I wish I had seen your post yesterday! I got eaten alive working on my railroad pond.


----------



## fyrekop (Sep 20, 2011)

Another thing that works is Avon's Skin So Soft


----------



## jimtyp (Jan 2, 2008)

I was wondering why it seemed like the mosquitoes were not a problem after I got chickens. I thought maybe they were eating them.


----------



## Tomahawk & Western RR (Sep 22, 2015)

you mean the mosquitos were eating the the chickens?


----------



## mymodeltrain (May 14, 2013)

Tomahawk & Western RR said:


> you mean the mosquitos were eating the the chickens?


I think other way around; I usually had chickens in my back yard when I was small and I observed that chickens were annoyed with small flying bugs around them and they would catch and eat them.


----------



## Dunbar (May 5, 2016)

The problem with that theory is that you have to be in with the chickens for the mosquitos to not bother you. Once you are 25ft or farther away, the skeeters will get you. How do I know this? Up until 2 years ago, I had a farm and we raised pastured poultry. I had approx 2500 laying hens at any given time. Even though we had them out in the fields on pasture and they were way cleaner and less smell than conventionally kept chickens, they still smelled a bit. All birds smell. As for the Avon skin so soft, sorry , that was reformulated years ago. No longer effective. We use to use it for the horses. Worked great. Than Avon found out people were using it to repel insects.
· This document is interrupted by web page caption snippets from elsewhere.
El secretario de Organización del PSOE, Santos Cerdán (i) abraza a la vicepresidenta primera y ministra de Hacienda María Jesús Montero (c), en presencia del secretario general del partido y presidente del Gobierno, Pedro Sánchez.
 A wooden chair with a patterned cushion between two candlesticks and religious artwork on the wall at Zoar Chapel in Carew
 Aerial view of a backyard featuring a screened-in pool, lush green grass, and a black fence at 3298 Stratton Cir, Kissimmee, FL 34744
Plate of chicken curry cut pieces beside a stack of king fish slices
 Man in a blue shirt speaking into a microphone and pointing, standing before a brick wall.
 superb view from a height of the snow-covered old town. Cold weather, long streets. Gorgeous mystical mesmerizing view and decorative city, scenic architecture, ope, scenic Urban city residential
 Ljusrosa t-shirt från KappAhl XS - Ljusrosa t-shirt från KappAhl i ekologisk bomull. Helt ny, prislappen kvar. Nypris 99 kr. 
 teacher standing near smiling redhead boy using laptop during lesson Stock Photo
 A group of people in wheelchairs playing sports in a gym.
Well, Avons SsS was not licensed as a pesticide, and they were told to reformulate or apply for pesticide application. At first they were going to fight it, but about a year later , there were rumors of bribery allegations within Avon . Since at least 2008, various employees and executives of Avon has been investigated for possible violations of the law, including possible bribery and violations of the Foreign Corrupt Practices Act. They decided to reformulate as it was more cost effective. Sometimes you can still find some of the old formula. Its perfectly fine and it does repel flies, gnats , sketters , etc very well.


----------